Racial composition as of the 2020 census
| Race | Number | Percent |
|---|---|---|
| White | 2,740 | 90.8% |
| Black or African American | 95 | 3.1% |
| American Indian and Alaska Native | 17 | 0.6% |
| Asian | 15 | 0.5% |
| Native Hawaiian and Other Pacific Islander | 0 | 0.0% |
| Some other race | 24 | 0.8% |
| Two or more races | 126 | 4.2% |
| Hispanic or Latino (of any race) | 71 | 2.4% |

===2000 census===
As of the census of 2000, there were 1,629 people, 817 households, and 545 families residing in the CDP. The population density was 655.0 PD/sqmi. There were 1,807 housing units at an average density of 726.6 /mi2. The racial makeup of the CDP was 98.28% White, 0.43% African American, 0.25% Native American, 0.06% Asian, 0.37% from other races, and 0.61% from two or more races. Hispanic or Latino of any race were 0.49% of the population.

There were 817 households, out of which 10.5% had children under the age of 18 living with them, 58.6% were married couples living together, 5.6% had a female householder with no husband present, and 33.2% were non-families. 29.1% of all households were made up of individuals, and 19.3% had someone living alone who was 65 years of age or older. The average household size was 1.99 and the average family size was 2.38.

In the CDP, the population was spread out, with 10.4% under the age of 18, 3.2% from 18 to 24, 13.6% from 25 to 44, 32.3% from 45 to 64, and 40.5% who were 65 years of age or older. The median age was 62 years. For every 100 females, there were 92.8 males. For every 100 females age 18 and over, there were 89.9 males.

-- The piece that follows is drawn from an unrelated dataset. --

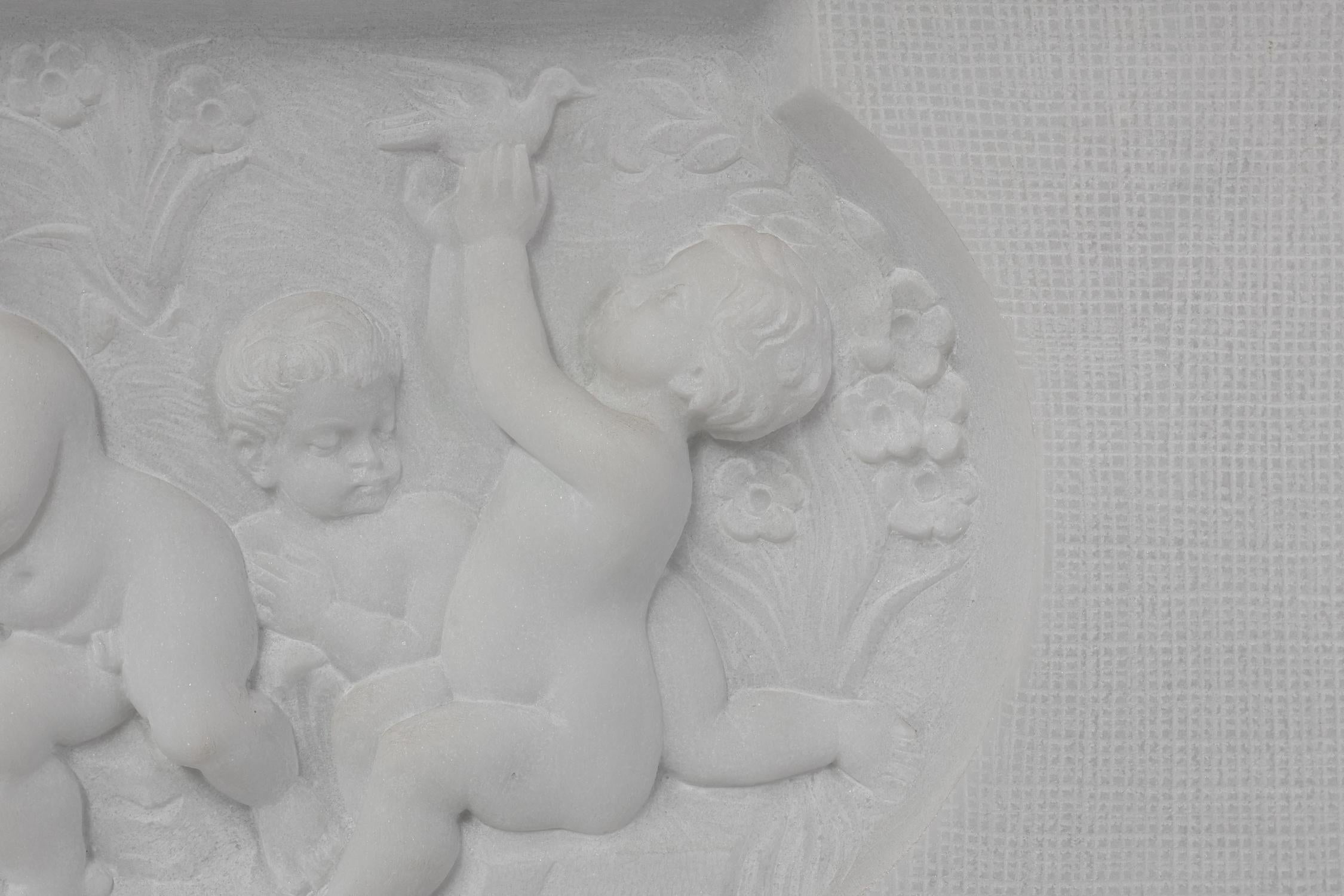 French Carrara marble fire place with Adam and Eve decoration For Sale 2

The median income for a household in the CDP was $34,688, and the median income for a family was $47,917. Males had a median income of $27,117 versus $30,179 for females. The per capita income for the CDP was $25,172. About 6.3% of families and 8.4% of the population were below the poverty line, including none of those under age 18 and 6.2% of those age 65 or over.
==History==

This is taken from deed record, page 247, Georgetown Court House, Delaware titled as;

"William Burton Patent for Long Neck"

"Whereas, there is a certaine parcel of land situated on the West side of Delaware Bay the which hath been certified by the Court at the Horekill and laide out for William Burton the saide Land being called the Long Neck lying on the South side of Rehoboth Bay and on the North side of the Greate River beginning at a point of woods and running West up the Greate River one thousand perches to a White Oak at the head of a small creek called Indian Cabin Creek and from thence North three hundred and fifty perches to a White Oak standing by a creek side called Middle Creek with a line of marked trees and from thence bounder upon the aforesaid Bay to the first bounded point Southeast one thousand perches containing One Thousand Acres of Land."

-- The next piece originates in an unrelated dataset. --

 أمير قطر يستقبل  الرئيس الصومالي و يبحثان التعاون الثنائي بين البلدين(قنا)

"Know Ye That by Virtue of His Majesty Lord's Patent and the Commission and authority unto me given by His Royal Highness, I have given and granted by these presents, Doe hereby give and grant unto the said William Burton his heirs and assigns the aforesaid recited piece of Land and Premises with their and every of their appurtenances; To Have and To Hold the saide piece of land and premises unto the saide William Burton his heirs and assigns unto the proper use and behoofe of him the said William Burton his heirs and assigns forever he making present improvements thereon and continuing in obedience and conforming himself according to the Laws of this Government and yielding and paying therefor yearly and every yeare unto His Royal Highness as a quite Rent Ten bushels of good winter wheat unto such officers as shall be there Impowered to receive the same."

For most of the second half of the 20th century, the area of Long Neck was sparsely populated, except for several mobile home communities that served mostly as summer vacation properties for permanent residents of the Washington, DC, Baltimore, Maryland, Wilmington, Delaware, and Philadelphia, Pennsylvania metropolitan areas. However, in the late 1990s, more permanent, year-round communities began being built, such as the neighborhood surrounding the golf course at Baywood Greens, and The Peninsula, which is being developed by Jack Nicklaus. Long Neck is now seeing unprecedented growth in permanent residents.

==Education==
Long Neck Elementary School is a part of the Indian River School District. The school serves Grades K - 5th.